= Georg Wickram =

German poet and novelist

Georg (or Jörg) Wickram (c.1505 - before 1562) was a German poet and novelist.

==Life==
Wickram was born at Colmar in Alsace; the exact date of his birth and death are unknown. He founded a Meistersinger school in Colmar in 1549, and has left a number of Meistersingerlieder. He passed the latter part of his life until his death as the town clerk of Burkheim on the Rhine.

Wickram was a many-sided writer. He edited Albrecht von Halberstadt's Middle High German version of Ovid's Metamorphoses (1545), and in 1555 he published Das Rollwagenbuchlein, one of the best of the many German collections of tales and anecdotes that appeared in the 16th century. The title of the book implies its object, namely, to supply reading for the traveller in the "Rollwagen" or diligences.

As a dramatist, Wickram wrote Fastnachtsspiele (Das Narrengiessen, 1537; Der treue Eckart, 1538) and two dramas on biblical subjects, Der verlorene Sohn (1540) and Tobias (1551). A moralizing poem, Der irrereitende Pilger (1556), is half-satiric, half-didactic.

It is, however, as a novelist that Wickram has left the deepest mark on his time, his chief romances being Ritter Galmy aus Schottland (1539), Gabriotto und Reinhard (1554), Der Knabenspiegel (1554), Von guten und bösen Nachbarn (1556) and Der Goldfaden (1557). These may be regarded as the earliest attempts in German literature to create that modern type of middle-class fiction which ultimately took the place of the decadent medieval chivalric romance.

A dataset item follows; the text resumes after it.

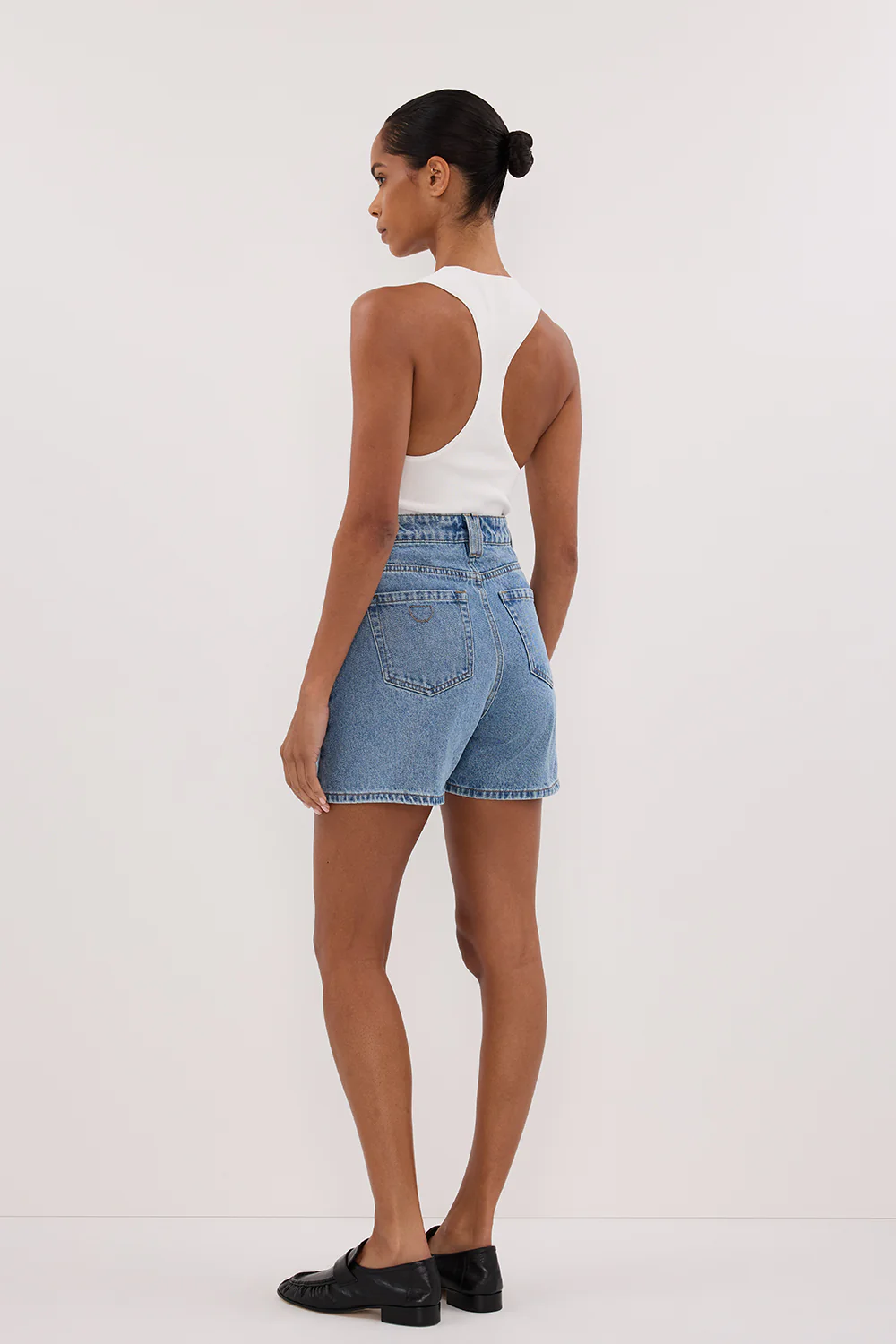 FINN MEDIUM BLUE DENIM SHORT - Image 4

Wickram's works have been edited by:
- J Bolte and W Scheel for the Stuttgart Literarischer Verein (vols, 222, 223, 229, 230, 1900–1903)
- Der Ritter Galmy was republished by Friedrich de la Motte Fouqué in 1806
- Der Goldfaden by Klemens Brentano in 1809
- the Rollwagenbuchlein was edited by Hermann Kurz in 1865, and there is also a reprint of it in Reclam's Universalbibliothek
See A Stober, J Wickram (1866); Wilhelm Scherer, Die Anfange des deutschen Prosaromans (1897).